Laboratory animal models for esophageal cancer.

The incidence of esophageal cancer is rapidly increasing especially in developing countries. The major risk factors include unhealthy lifestyle practices such as alcohol consumption, smoking, and chewing tobacco to name a few. Diagnosis at an advanced stage and poor prognosis make esophageal cancer one of the most lethal diseases. These factors have urged further research in understanding the pathophysiology of the disease. Animal models not only aid in understanding the molecular pathogenesis of esophageal cancer but also help in developing therapeutic interventions for the disease. This review throws light on the various recent laboratory animal models for esophageal cancer.

Introduction

Cancer is a fatal disease characterized by abnormal proliferation of cells as a result of genetic mutation [1]. Unlike benign tumors that have a good prognosis, malignant tumors or what is referred to as cancer, causes metastasis affecting other organs, eventually leading to death [2]. Hence, cancer is given its due importance in experimental research.

Esophageal cancer stands eighth among the most common cancers in the world [3]. It is also the sixth leading cause of cancer-related mortality in the world [4]. Developing countries make up for more than 80% of the total clinical cases of esophageal cancer [5]. It is often diagnosed at a very advanced stage and thus carries poor prognosis [6,7]. The incidence of the disease varies depending on geographical location [3], ethnicity [3], and socioeconomic status [8]. Consumption of alcohol, tobacco chewing, and smoking are important risk factors that contribute to this disease [9]. The two major subtypes of esophageal cancer are esophageal squamous cell carcinoma and esophageal adenocarcinoma, the former being more common [10]. However, the incidence of adenocarcinoma is also at rise in patients with Barrett’s esophagus due to excessive use of proton pump inhibitors [11,12].

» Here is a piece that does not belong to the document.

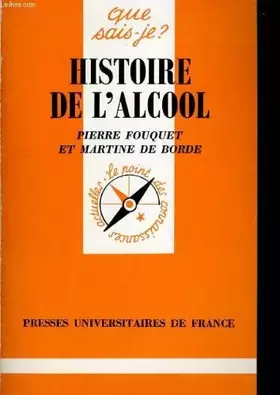 Couverture du produit · Histoire de l'alcool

Animal models play an important role in cancer research owing to their ability to generate a better understanding about various molecular mechanisms of metastasis and tumor host interaction [13-15]. They are also necessary to elucidate the pathophysiology of various diseases and indirectly facilitate the development of novel anticancer interventions. The present review article briefs the recent laboratory animal models of esophageal cancer.

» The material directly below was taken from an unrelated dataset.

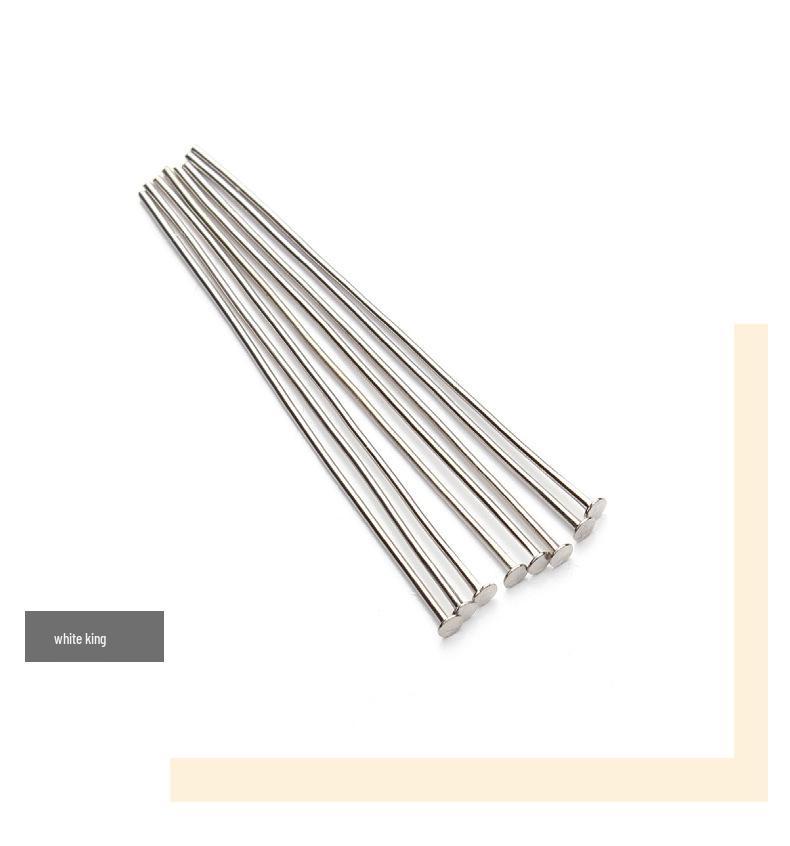 Accesorios para Hacer Joyería DIY Hecha a Mano: Alfileres Planos y de Cabeza T para Collares y Pulseras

Laboratory Animal Models in Esophageal Cancer

Rat (Rattus norvegicus)

Rat reflux model

The reflux model is appropriate to study esophageal adenocarcinoma [15]. However, few recent studies have demonstrated the development of squamous cell carcinoma in this model [16,17]. The rat is considered as suitable for this model because of its larger size as compared to mouse and similar pathophysiology of esophageal adenocarcinoma as compared to that in humans. The EDA model, i.e., esophagoduodenal anastomosis with total gastrectomy is a preferred surgical procedure to establish this model [16]. The gastroesophageal junction and the gastroduodenal junction are ligated. Further, the distal esophagus is transected 2 mm above the gastroesophageal ligature, and the proximal duodenum is transected 3 mm distal to the pyloric area. Following this a gastrectomy is performed and both the ends of the esophagus and duodenum are anastomosed. The maximum duration required for the development of this model is approximately 40 weeks [16].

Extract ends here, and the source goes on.